L’humanité en réalité

© Mauricio Pokemon

De Teresina (Brésil) à Akita (Japon), la mort est souveraine, radieuse et envoûtante. Elle résonne depuis le buto, depuis l’intérieur de l’être. Dans le sillage de Kazuo et Yoshito Ohno et de Tatsumi Hijikata, elle pèse sur nous du poids de son mystère non résolu. La pièce « Dança Doente » (« Danse malade ») ne rallie pas tout le monde, elle inquiète. Pourtant, elle dénude la danse de Marcelo Evelin, singulière entre toutes, comme jamais aucune de ses pièces de danse présentées au Kunstenfestivaldesarts (« Matadouro », « De repente fica tudo preto de gente » et « Batucada ») ne l’avait fait auparavant. Il faut insister avec raison sur la complexité et la radicalité de son geste. Il y est un hymne à l’humanité. C’est dans les replis de l’espace sur les plis heurtés des corps que la danse de Marcelo Evelin naît, sacrée, violentée, à la fois effacement et retour. Elle est « englobante ». Aucun temps ni espace ne lui est assigné. Elle est dans tout ce qui sépare la grâce et la douleur, la lumière et la poussière, la nature et la technologie, la cruauté et l’amour. Elle est dans tout ce qui tend à s’ignorer (ou à rivaliser) dans nos sociétés postmodernes.

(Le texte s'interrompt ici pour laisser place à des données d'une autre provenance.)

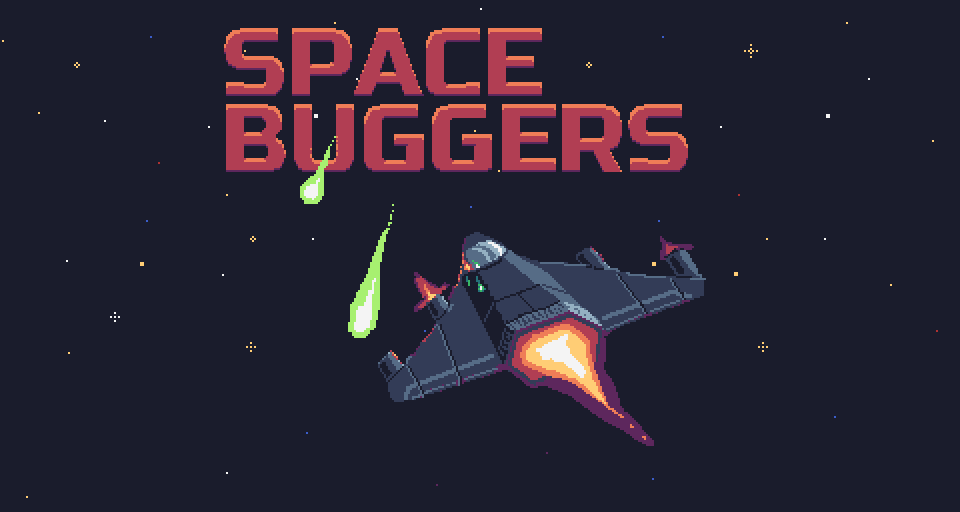 Space Buggers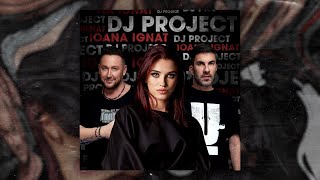 DJ Project x @IoanaIgnat - Supranatural | Extended Version Visualizer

C’est la grandeur de la danse d’Evelin. Sur le plateau, lorsque « Orphée » danse, il est saisi par une autre danse – elle le dialectise. Et la musique de Sho Takiguchi la guette. « Dança Doente », c’est la danse de terreur et de fascination – l’une des plus belles ! – par laquelle l’homme fait preuve de son humanité. Elle ravit et inquiète.